2.6.3. Feature Selection

We needed to select potential model features that could be used to classify dense coniferous forest coverage at higher elevations. By “dense”, we mean that pixels classified as “coniferous” have approximate full pixel coverage of evergreen trees. As noted earlier, pinyon (Pinus edulis) and juniper (Juniperus osteosperma) forests have individual trees often widely dispersed, often with a pixel containing a single tree. These are generally classified as coniferous in the NLCD datasets.

Visually, it is difficult to distinguish between coniferous forest coverage from deciduous trees, shrubs, or grasslands in the summer because they all are fully foliated and appear similar in remote sensing data. Because coniferous trees keep their foliage year-round and deciduous trees, shrubs, and grass lose their leaves or pigment in the winter, we assumed that using a combination of features that included data collected during winter and summer seasons would increase the model’s ability to separate the coniferous from other vegetative classes. To create these features, we created an image for each year built from two cloud-free, snow-free mosaiced Landsat images, one from the summer and one from winter. For each of these mosaic images, we retained six multi-spectral Landsat bands, bands 2–7 (blue, green, red, near-infrared, short-wave infrared 1, and short-wave infrared 2), then combined the two images into a single multi-band image, one image per year. This resulted in an image collection with 1 image per year with 12 bands, 6 bands that represented the summer mosaic, and 6 that represented the winter mosaic.

For feature selection, we created an individual model for each of the 9 years with NLCD data and evaluated the importance of different potential features. For feature selection, we created models with various features using stratified sample data (~100 s of pixels), then evaluated accuracy on the remaining image data (~2 M pixels)

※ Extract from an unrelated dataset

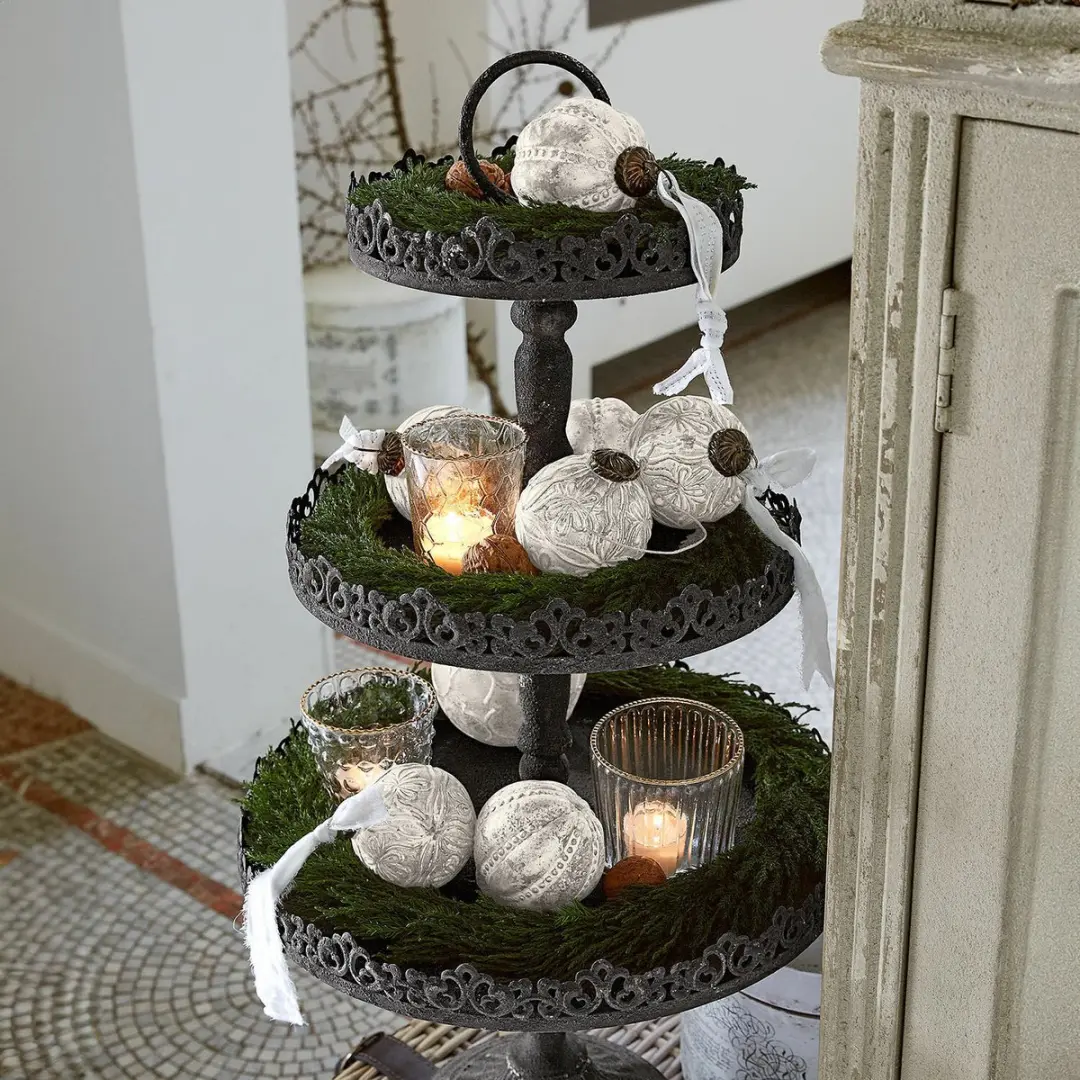 Loberon Kransset 3 Stuks - 35cm Groen - afbeelding 3 van 4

We evaluated many features, including all possible normalized band difference ratios, band ratios, inverse band values, and log band values. Our analysis showed that most of these features did not improve model accuracy. We found that one of the normalized band difference ratios, the Normalized Difference Vegetation Index (NDVI), did improve model accuracy for each of the 9 test years.

NDVI is commonly used in remote sensing to identify vegetation [25,26,60] and is the normalized difference of the red (RED) and near infrared (NIR) bands:

$$\mathrm{N}\mathrm{D}\mathrm{V}\mathrm{I}={\displaystyle \frac{(\mathrm{N}\mathrm{I}\mathrm{R}-\mathrm{R}\mathrm{E}\mathrm{D})}{(\mathrm{N}\mathrm{I}\mathrm{R}+\mathrm{R}\mathrm{E}\mathrm{D})}}$$

(1)

The NDVI can distinguish between different land covers, but with low specificity. We found that including it in our feature set contributed significantly to model accuracy. For example, even in the summer, coniferous trees have a different range of NDVI values than grasslands, but there is enough variation and overlap that it is difficult to separate these two landcover classes based only on NDVI. For our model feature set, we computed NDVI values for both the summer and winter time periods. NDVI seasonal changes are significant for deciduous trees and most plants, as they lose their leaves or chlorophyll in the winter [61,62].

For the final model training image collection, we used GEE to combine the 12-band summer and winter mosaic images along with the summer and winter computed NDVI values into a 14-band image, then added the NCLD land cover band to create the final 15-band training image.

The final image collection, with 9 images, had 12 multi-spectral Landsat bands, 6 bands for summer and 6 for winter, and 2 NDVI bands, one for summer and one for winter. These multi-spectral bands were 2–7 (blue, green, red, near-infrared, short-wave infrared 1, and short-wave infrared 2). This resulted in nine images with 14 feature bands and one training band, 15 bands total. Thus, the 9-image collection included images where the first 14 bands are the model features, and the last band is the model target, one for each year that has NLCD data (i.e., 2001, 2004, 2006, 2008, 2011, 2013, 2016, 2019, and 2021). We used this image collection to determine hyperparameters and then train the 100-member ensemble of RFC models.

For model applications, we created an image collection with one image per year from 1984 to 2024, where each image in the collection contained 14 bands or features.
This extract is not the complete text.